**** Data for review ****
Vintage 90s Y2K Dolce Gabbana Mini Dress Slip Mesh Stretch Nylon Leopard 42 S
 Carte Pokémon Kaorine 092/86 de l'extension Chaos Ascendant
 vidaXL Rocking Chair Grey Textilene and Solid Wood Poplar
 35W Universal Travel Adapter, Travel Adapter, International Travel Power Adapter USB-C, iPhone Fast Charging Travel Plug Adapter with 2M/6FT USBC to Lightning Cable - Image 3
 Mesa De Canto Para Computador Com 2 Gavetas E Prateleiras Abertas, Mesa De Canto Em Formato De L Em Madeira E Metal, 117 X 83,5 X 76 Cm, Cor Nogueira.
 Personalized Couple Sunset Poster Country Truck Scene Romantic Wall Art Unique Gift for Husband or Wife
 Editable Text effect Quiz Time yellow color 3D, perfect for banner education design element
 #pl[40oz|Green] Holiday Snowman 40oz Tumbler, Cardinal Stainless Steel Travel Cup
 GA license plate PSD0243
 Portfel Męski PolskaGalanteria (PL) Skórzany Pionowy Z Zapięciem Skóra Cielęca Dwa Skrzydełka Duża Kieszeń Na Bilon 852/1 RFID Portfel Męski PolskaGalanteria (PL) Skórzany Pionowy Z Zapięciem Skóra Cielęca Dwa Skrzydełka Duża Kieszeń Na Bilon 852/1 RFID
****
## Task details
In the entries above, copy the lines from the one that contains "Editable Text effect" through the last line, exactly as they appear.

## Answer section
 Editable Text effect Quiz Time yellow color 3D, perfect for banner education design element
 #pl[40oz|Green] Holiday Snowman 40oz Tumbler, Cardinal Stainless Steel Travel Cup
 GA license plate PSD0243
 Portfel Męski PolskaGalanteria (PL) Skórzany Pionowy Z Zapięciem Skóra Cielęca Dwa Skrzydełka Duża Kieszeń Na Bilon 852/1 RFID Portfel Męski PolskaGalanteria (PL) Skórzany Pionowy Z Zapięciem Skóra Cielęca Dwa Skrzydełka Duża Kieszeń Na Bilon 852/1 RFID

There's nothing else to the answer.